Winsorization is one of the technique you can use to ‘normalize’ the raw numeric values by converting the extreme values (outliers) to the lower and the upper bounds of the normal values.

Here is how you can do in Exploratory by writing a custom R function.

1. Write a custom R function in R Script.

You can write an R function like the below in the Script Editor inside Exploratory.
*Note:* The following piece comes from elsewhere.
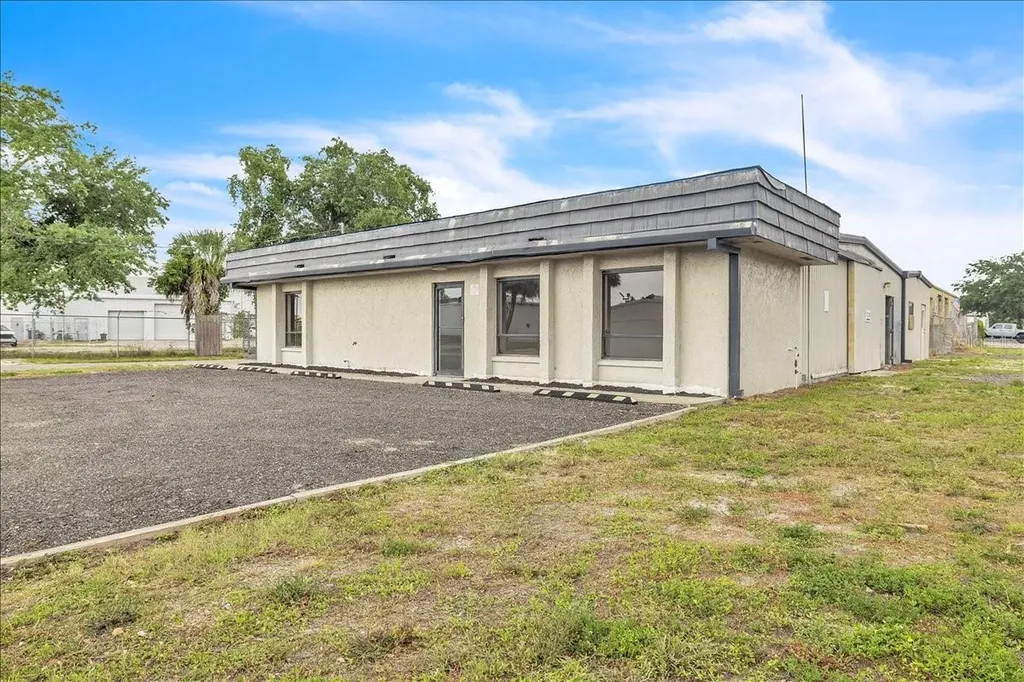 4195 Electric Way Port Charlotte FL 33980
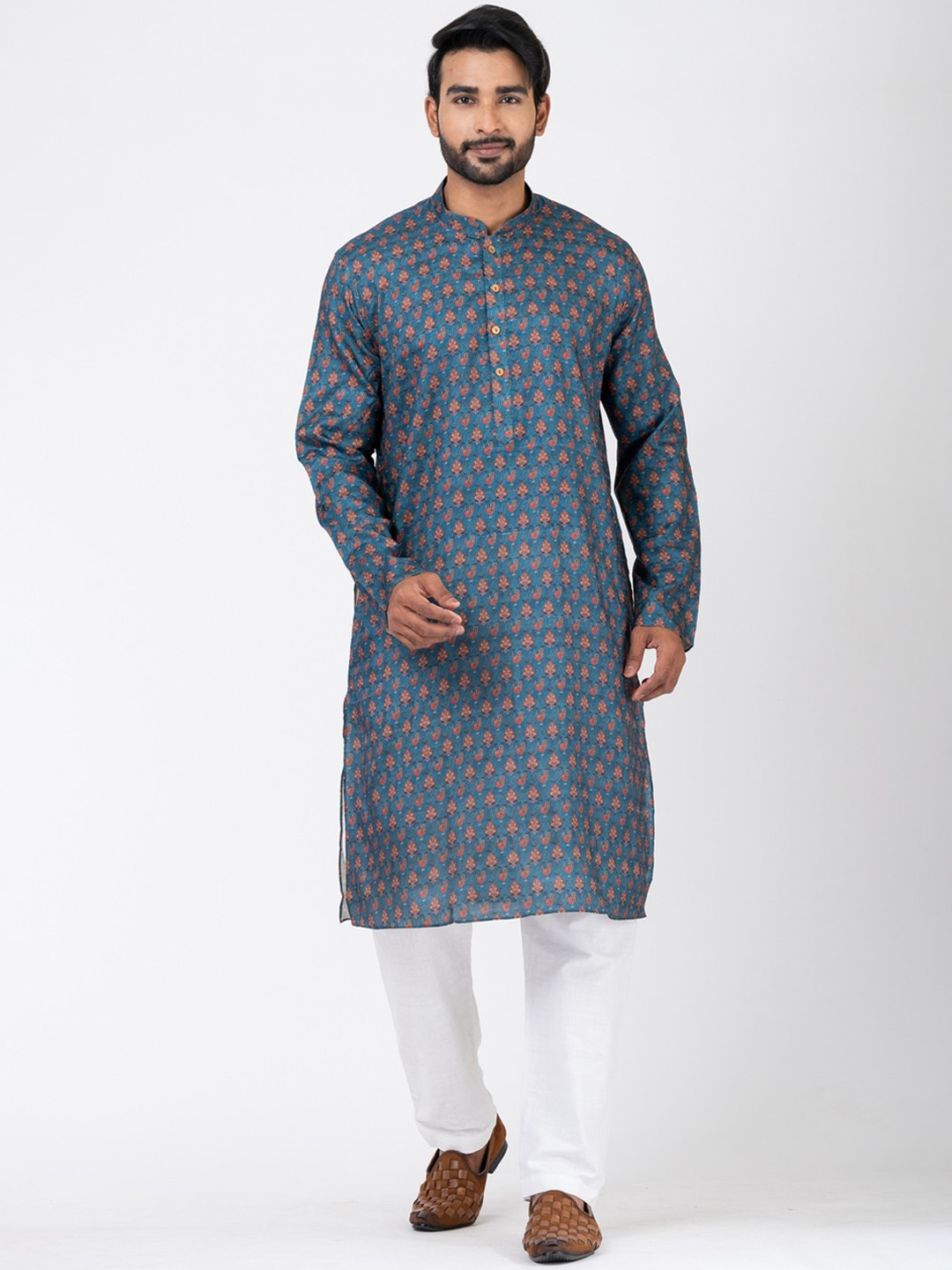 

HU - Handcrafted Uniquely Mandarin Collar Long Sleeves Cotton Silk Kurta, Green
winsor <- function (x, fraction=.05)
{
   if(length(fraction) != 1 || fraction < 0 ||
         fraction > 0.5) {
      stop("bad value for 'fraction'")
   }
   lim <- quantile(x, probs=c(fraction, 1-fraction))
   x[ x < lim[1] ] <- lim[1]
   x[ x > lim[2] ] <- lim[2]
   x
}

2. Use it in Mutate (Create Calculation) step

Then use it inside ‘mutate’.

Before:

After:

You can see that the range of ARR_DELAY column is now between -25 and 50 where it use to be between -152 and 1,334.

The function above is using 95% as the threshold by default, which means that all the values in the lower 2.5% are converted to the 2.5 percentile value and all the values in the upper 2.5% are converted to the 97.5 percentile vaule.

It could be easier to see the effect of the winsorization with Scatter chart.

Before:

This is having ARR_DELAY column on X and Y-Axis.

After:

This one is having ARR_DELAY column at X-Axis and the winsorized ARR_DELAY column at Y-Axis.

You can see all the ‘extreme’ values are convrerted to the upper and the lower bounds of the normal range of ARR_DELAY values.